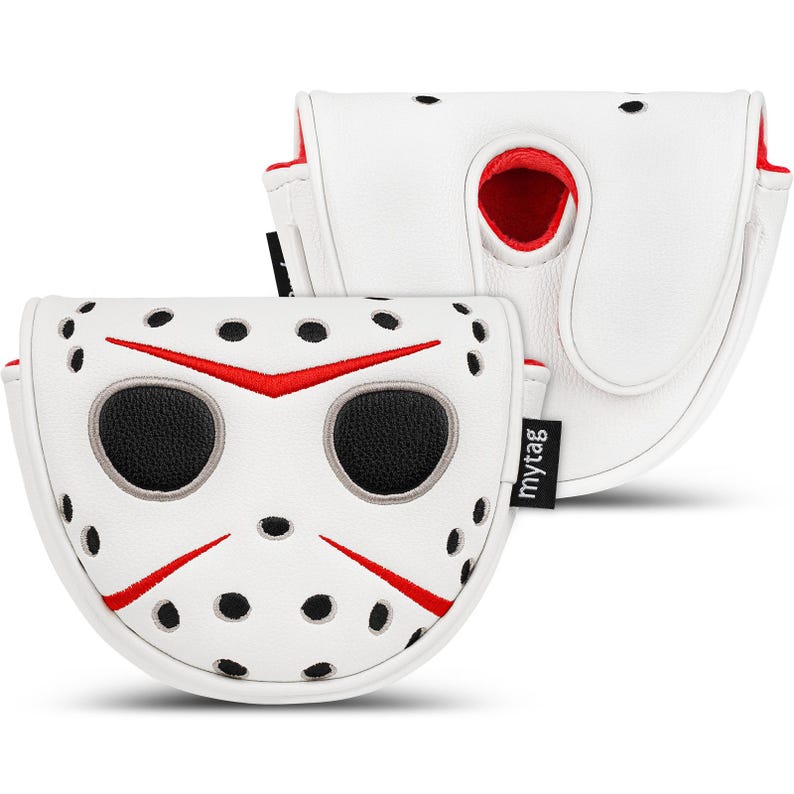 Hockey Jason Inspired Mask Funny Golf Headcover, Driver Fairway Hybrid mallet Putter, Blade putter, LAB DF3/OZ1, Iron cover set, Golf gift OZ1/OZ1i putter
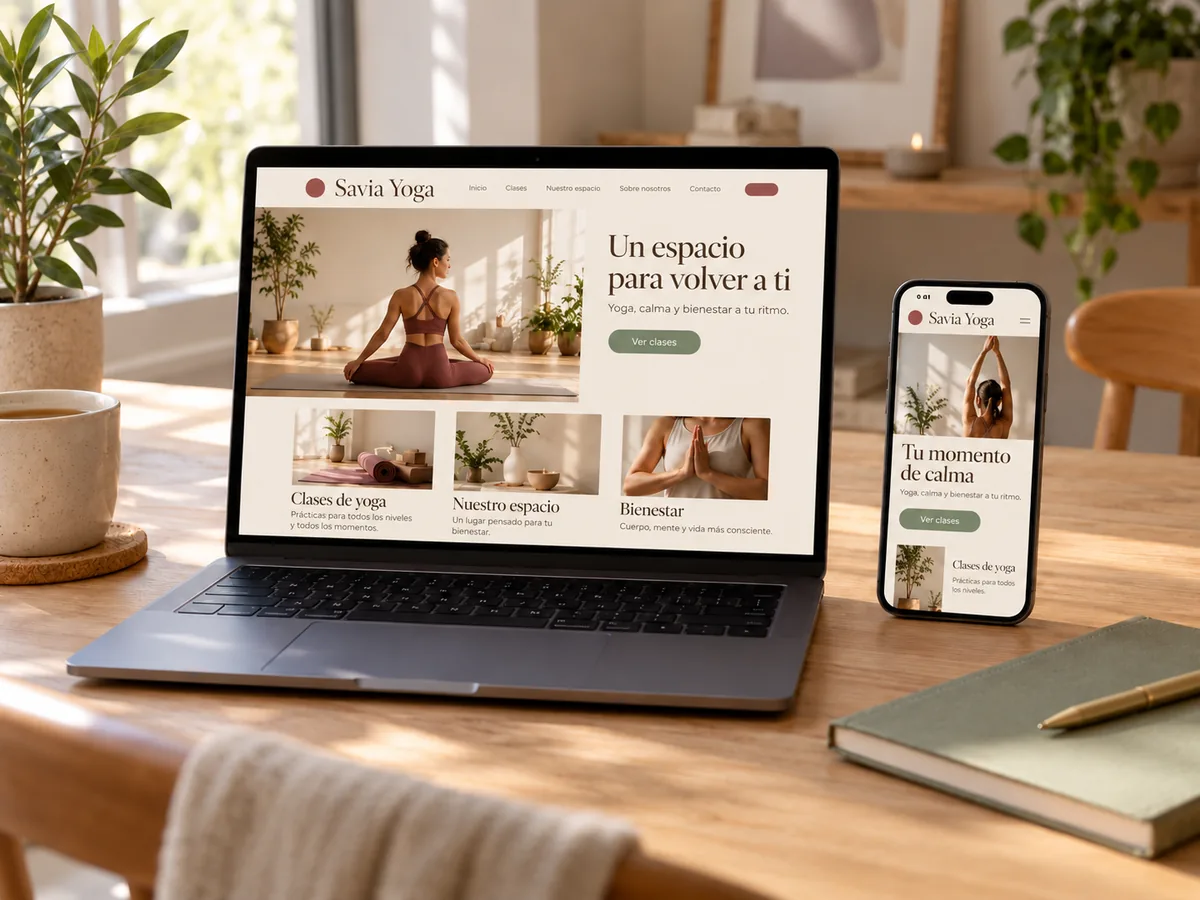 Ejemplo de web de un negocio local vista en portátil y en móvil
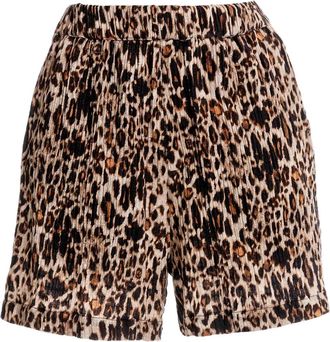 Agua Bendita Shorts Watts Quilt leopardati - Marrone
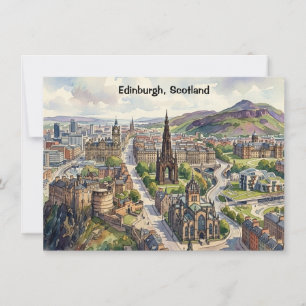 Minimale Edinburgh Schottland Stadtansicht Aquarel Einladung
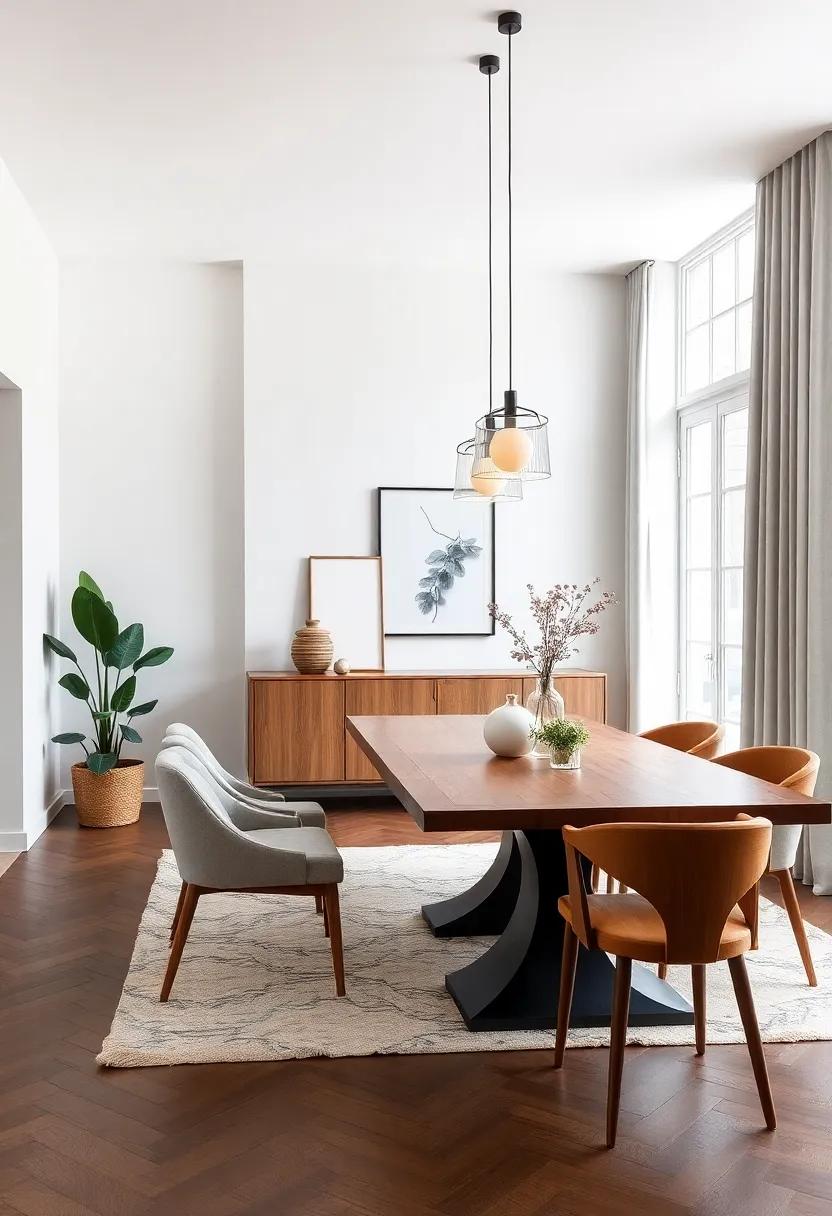 Blending Modern Minimalism with Rustic Charm for a Unique Dining room Atmosphere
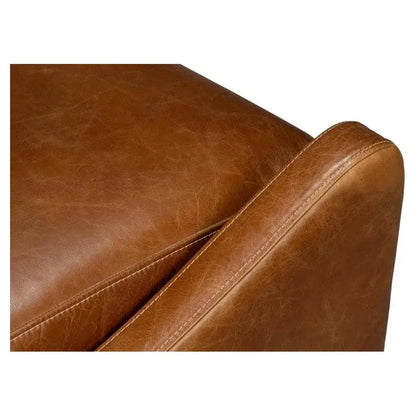 Brandy Leather Brown Armless Accent Chair - LOOMLAN - Sarreid - Accent Chairs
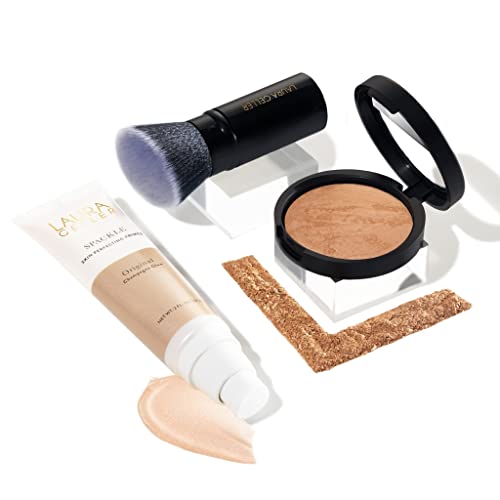 Everyday Routine Kit (3 PC) LAURA GELLER NEW YORK Baked Balance-N-Brighten Color Correcting Powder Foundation, Golden Medium, Retractable Kabuki, Spackle Champagne Glow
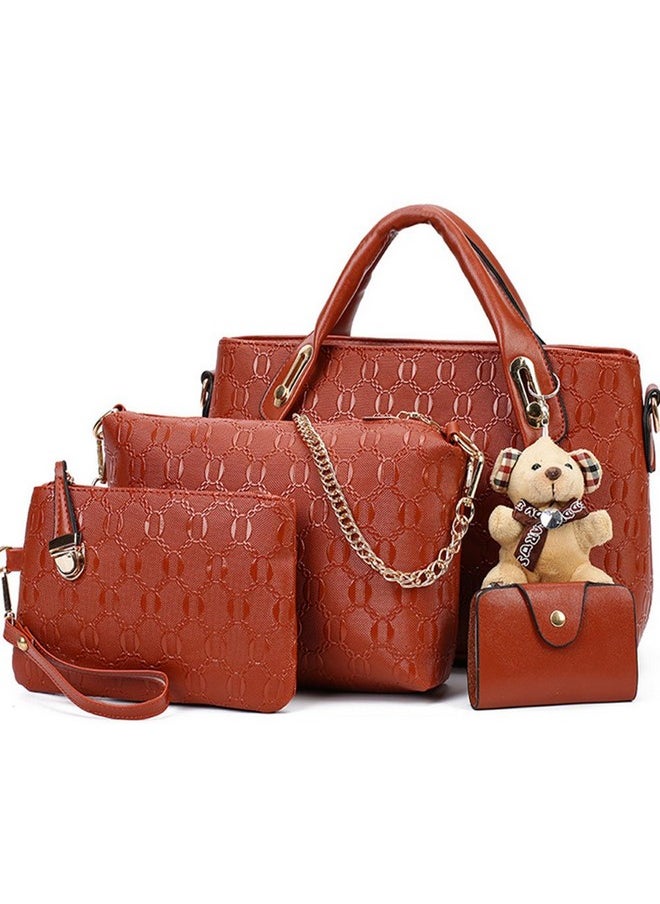 FiveloveTwo - Women 4 Pcs Top Handle Satchel Hobo Handbag Set Large Tote +Purse +Shoulder Bag+Card Holder Brown - Image 1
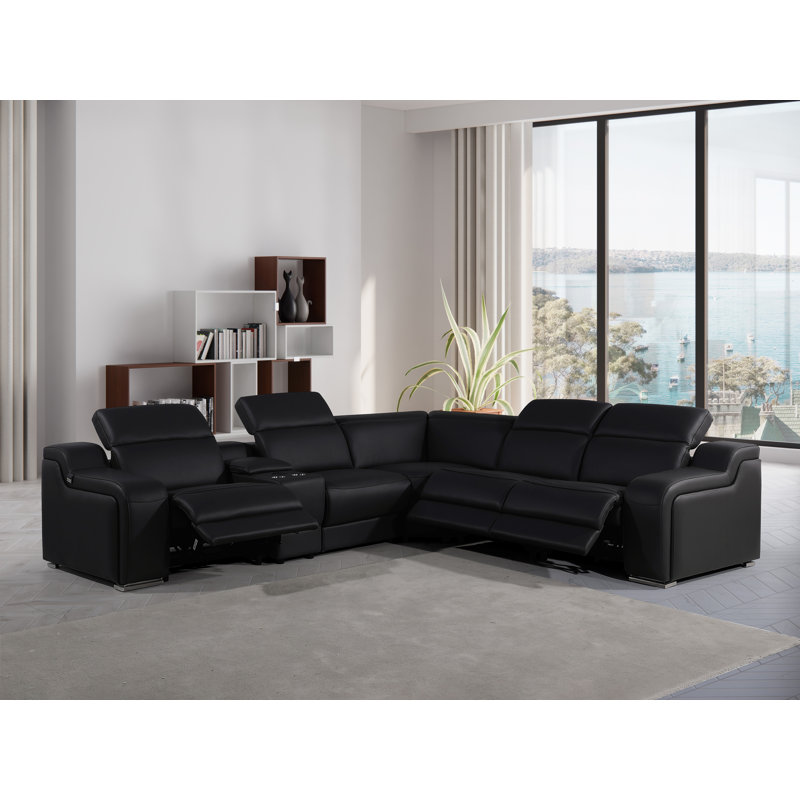 Stanya 6 - Piece Top Grain Italian Leather Power Reclining Sectional, Black Genuine Leather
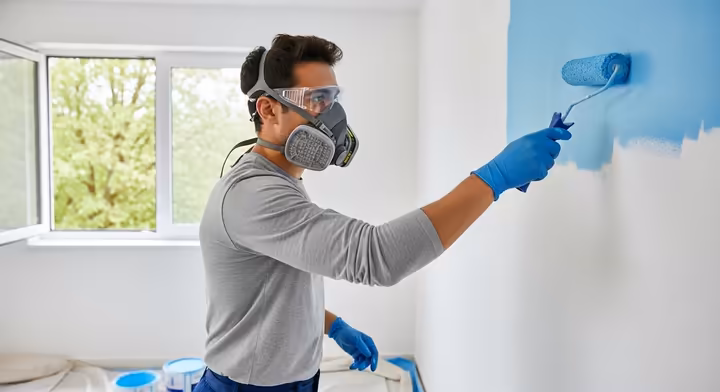 A person wearing safety glasses, gloves, and a respirator while painting a wall.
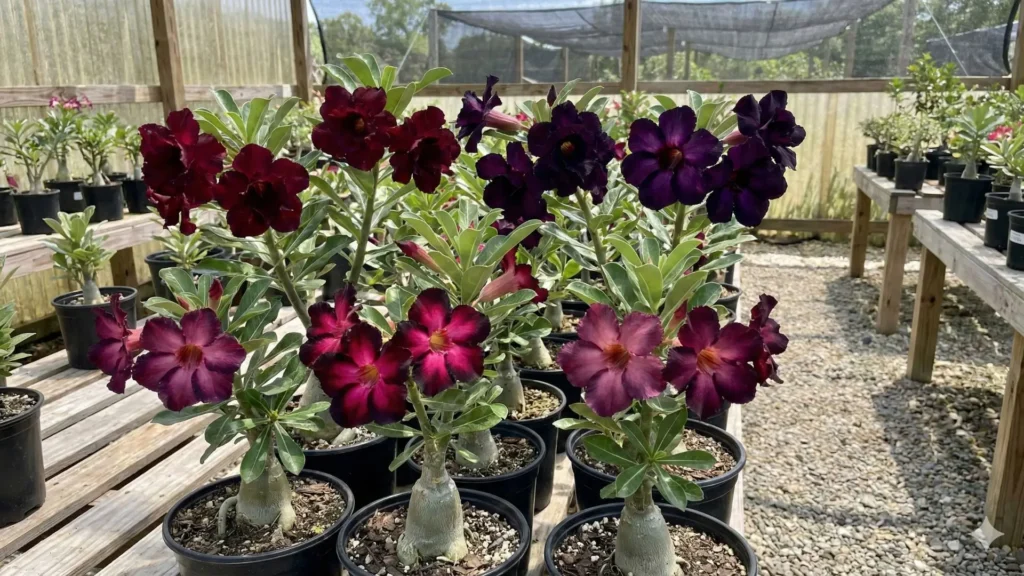 Rosa do deserto com cores raras em tons de vinho profundo, roxo escuro e mesclas intensas cultivadas em viveiro especializado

-=-=-=-=-

■ What is expected:
Without including a single picture, restate all of the data word for word.

■ Result of this task:
 Hockey Jason Inspired Mask Funny Golf Headcover, Driver Fairway Hybrid mallet Putter, Blade putter, LAB DF3/OZ1, Iron cover set, Golf gift OZ1/OZ1i putter
 Ejemplo de web de un negocio local vista en portátil y en móvil
 Agua Bendita Shorts Watts Quilt leopardati - Marrone
 Minimale Edinburgh Schottland Stadtansicht Aquarel Einladung
 Blending Modern Minimalism with Rustic Charm for a Unique Dining room Atmosphere
 Brandy Leather Brown Armless Accent Chair - LOOMLAN - Sarreid - Accent Chairs
 Everyday Routine Kit (3 PC) LAURA GELLER NEW YORK Baked Balance-N-Brighten Color Correcting Powder Foundation, Golden Medium, Retractable Kabuki, Spackle Champagne Glow
 FiveloveTwo - Women 4 Pcs Top Handle Satchel Hobo Handbag Set Large Tote +Purse +Shoulder Bag+Card Holder Brown - Image 1
 Stanya 6 - Piece Top Grain Italian Leather Power Reclining Sectional, Black Genuine Leather
 A person wearing safety glasses, gloves, and a respirator while painting a wall.
 Rosa do deserto com cores raras em tons de vinho profundo, roxo escuro e mesclas intensas cultivadas em viveiro especializado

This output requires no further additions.